*REQUIRED ACTION*
Below is a listing; repeat exactly the lines from the one containing "Chivas Royal Salute" to the one containing "Mesa centro 1", both included.

*INFORMATION SUPPLIED*

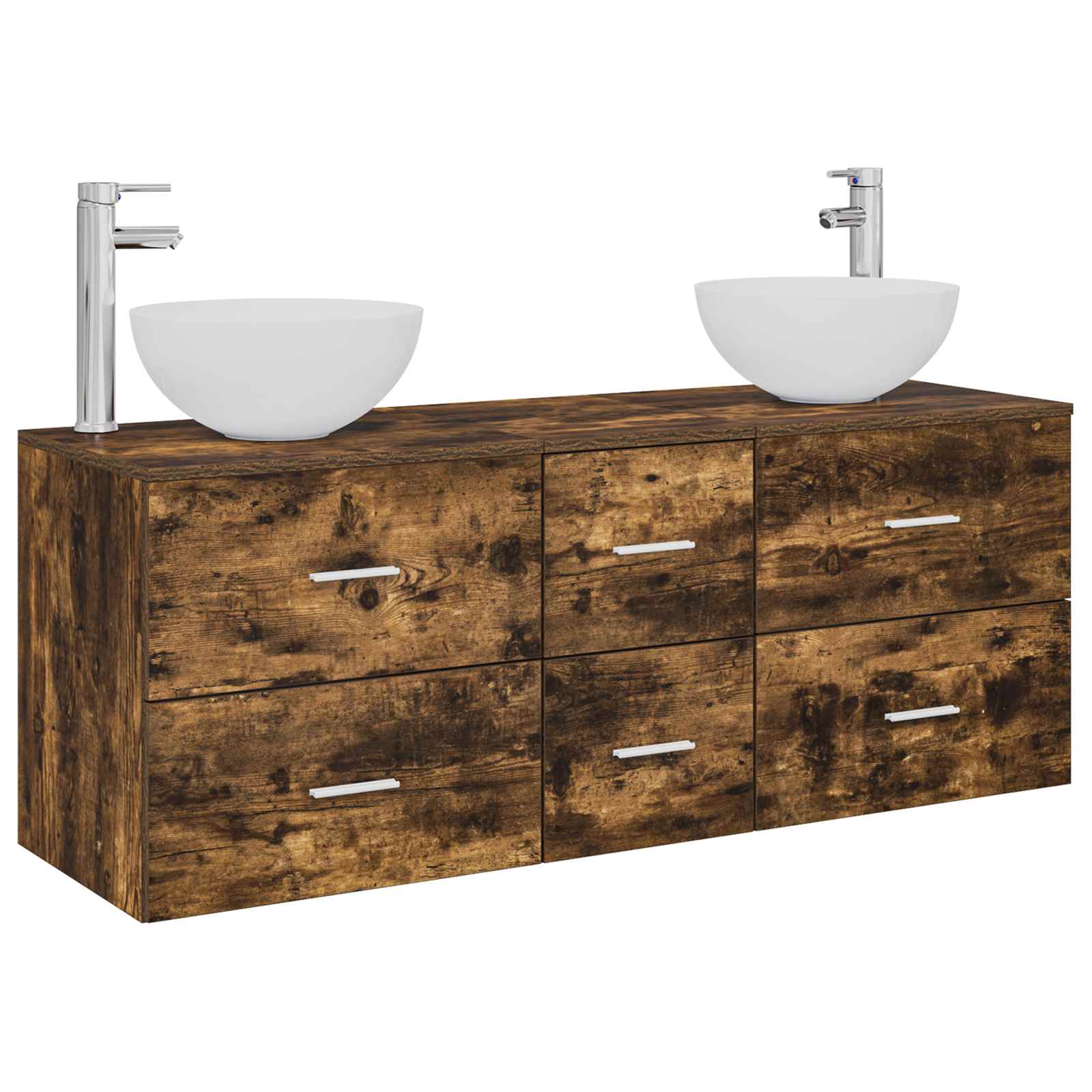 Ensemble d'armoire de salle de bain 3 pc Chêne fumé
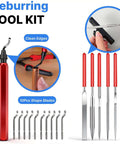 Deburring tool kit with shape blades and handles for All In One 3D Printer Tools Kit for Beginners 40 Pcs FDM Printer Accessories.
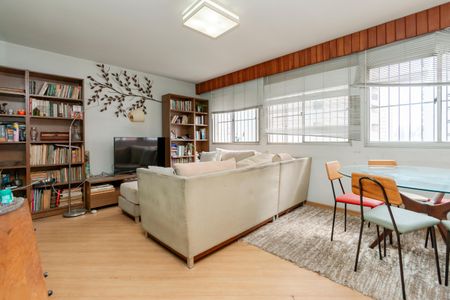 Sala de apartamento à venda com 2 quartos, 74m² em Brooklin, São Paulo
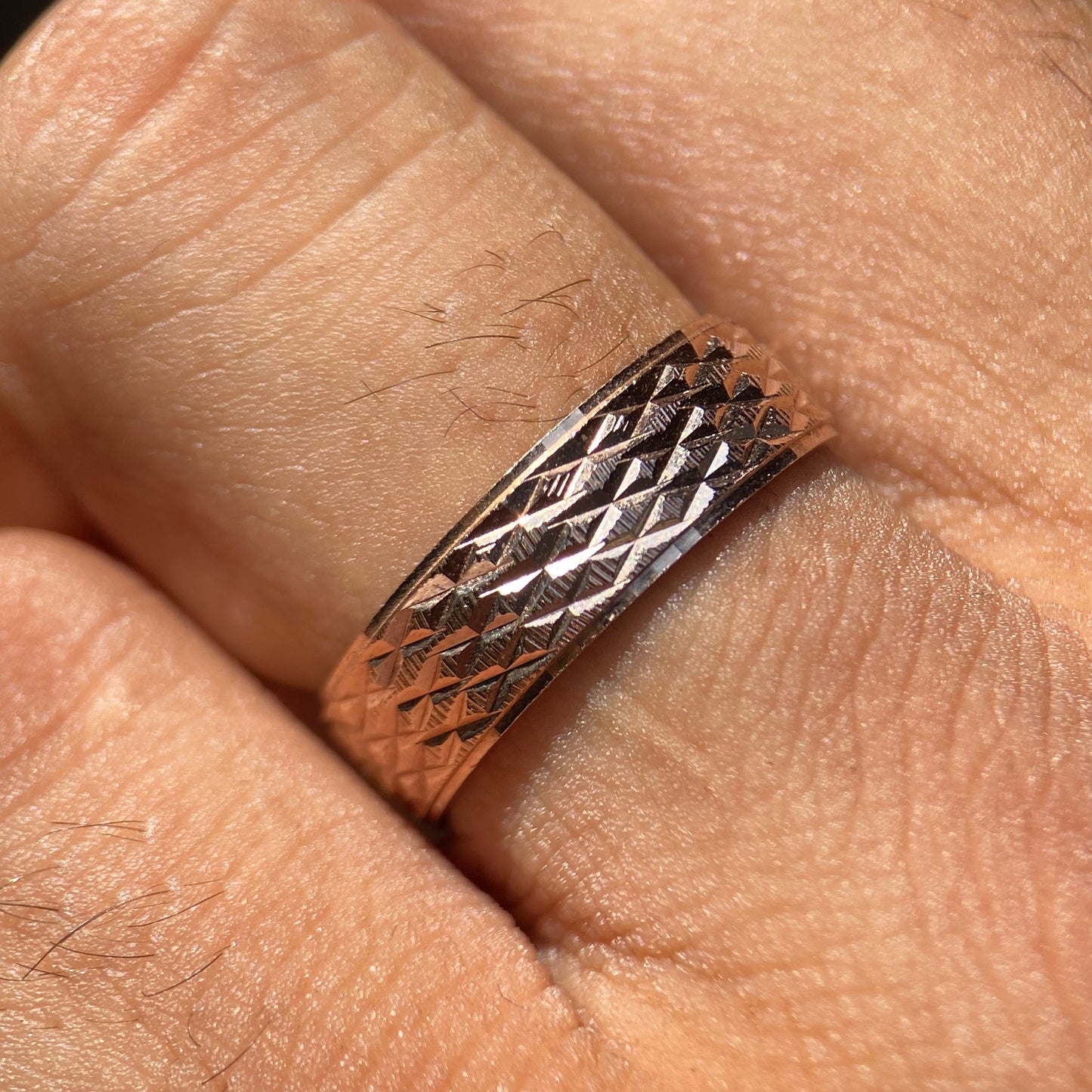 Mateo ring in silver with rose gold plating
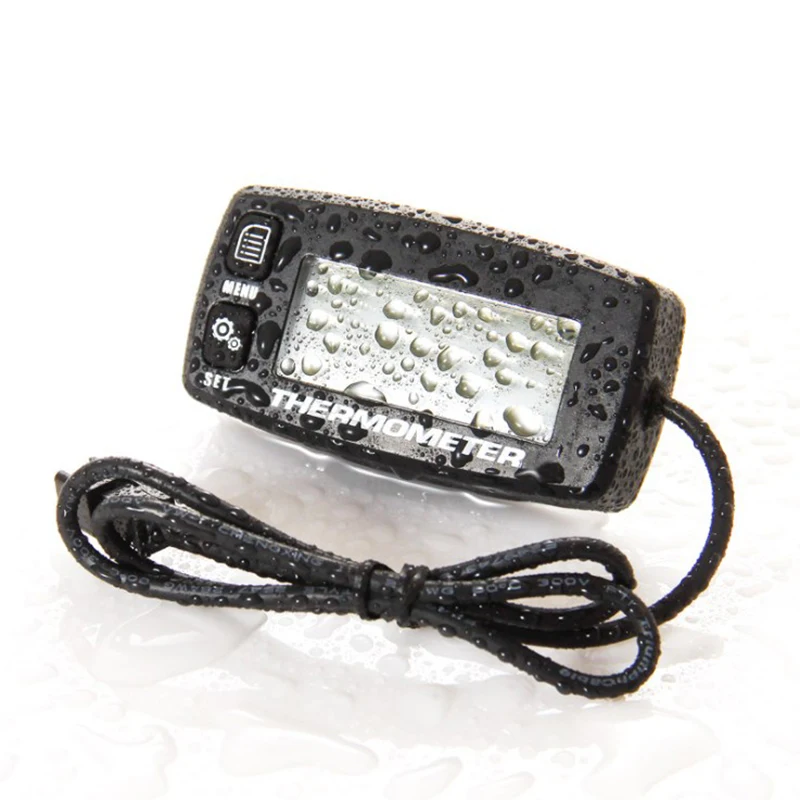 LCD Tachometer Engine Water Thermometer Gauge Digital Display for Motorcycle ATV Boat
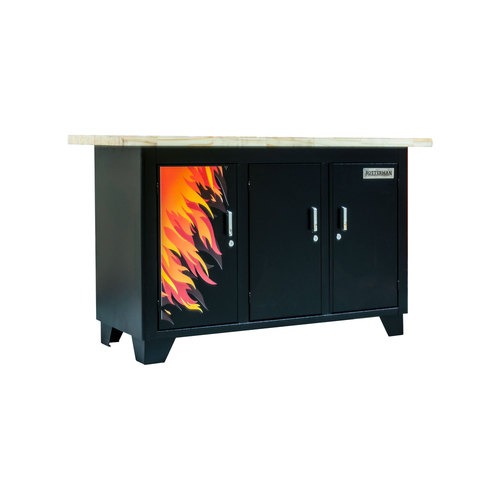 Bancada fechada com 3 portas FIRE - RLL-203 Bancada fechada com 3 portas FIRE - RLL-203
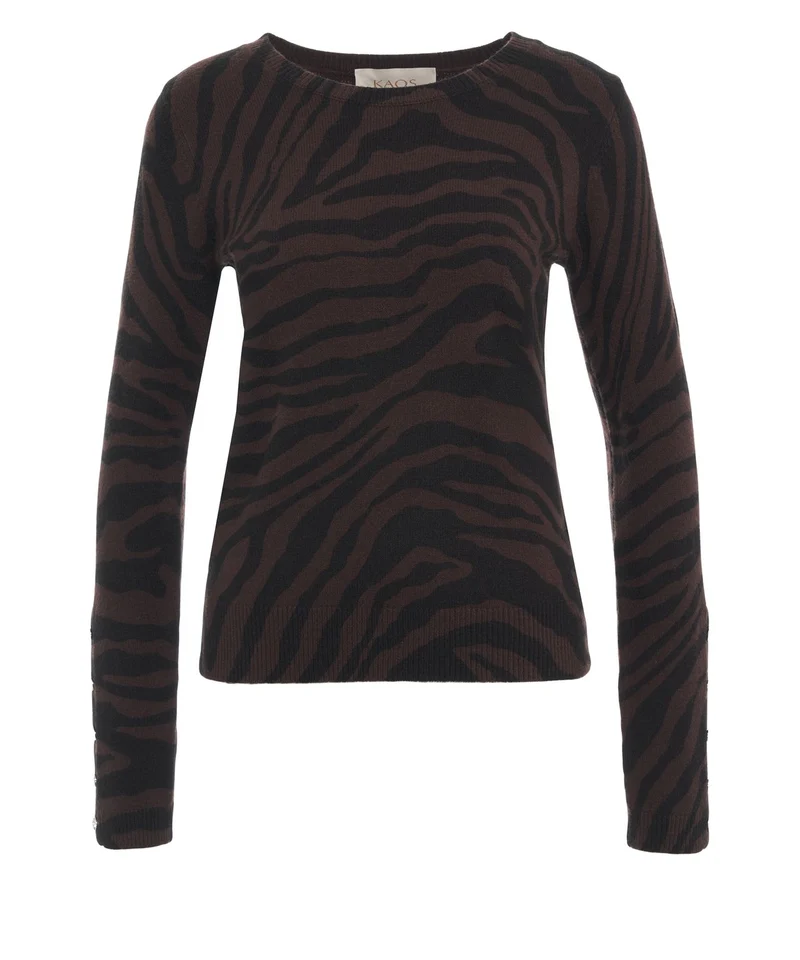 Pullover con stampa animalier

--

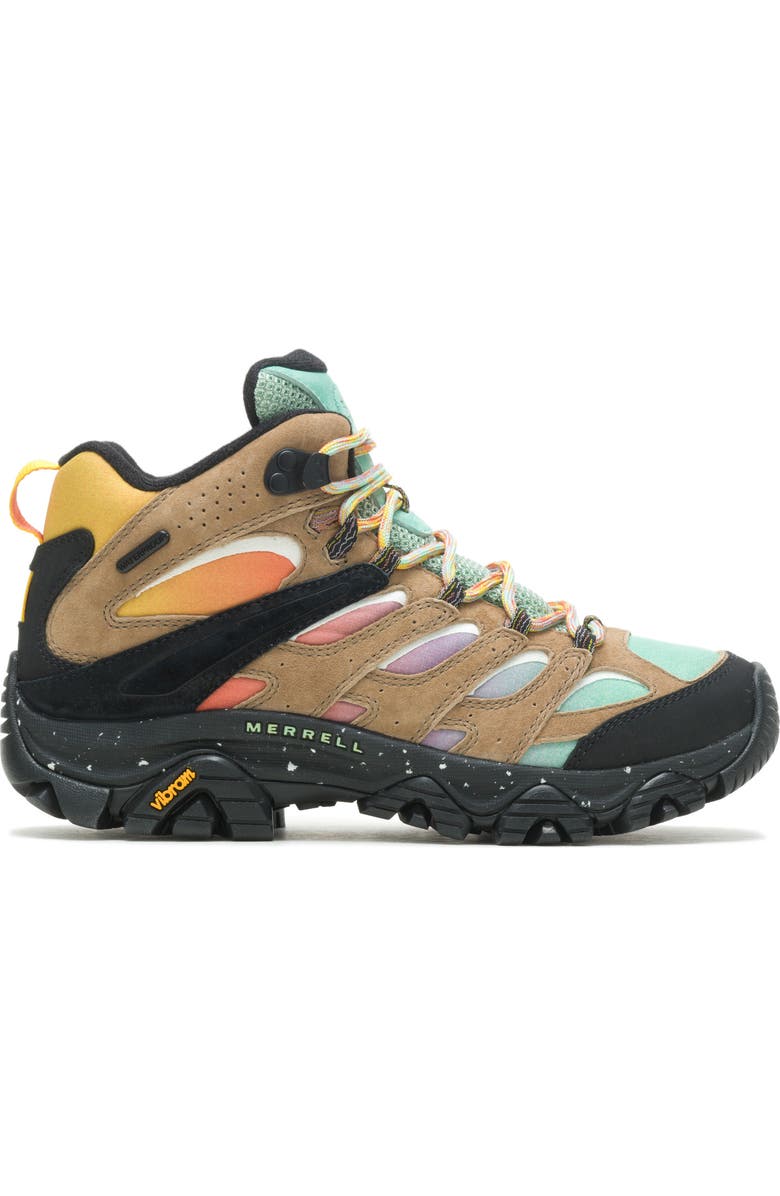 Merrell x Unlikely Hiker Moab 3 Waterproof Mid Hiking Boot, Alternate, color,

---

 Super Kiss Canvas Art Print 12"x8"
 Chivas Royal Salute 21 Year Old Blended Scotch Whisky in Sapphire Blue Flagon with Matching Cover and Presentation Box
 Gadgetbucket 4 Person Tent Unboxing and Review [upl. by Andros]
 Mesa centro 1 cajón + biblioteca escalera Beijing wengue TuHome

*OUTPUT FOR THIS EXERCISE*
 Chivas Royal Salute 21 Year Old Blended Scotch Whisky in Sapphire Blue Flagon with Matching Cover and Presentation Box
 Gadgetbucket 4 Person Tent Unboxing and Review [upl. by Andros]
 Mesa centro 1 cajón + biblioteca escalera Beijing wengue TuHome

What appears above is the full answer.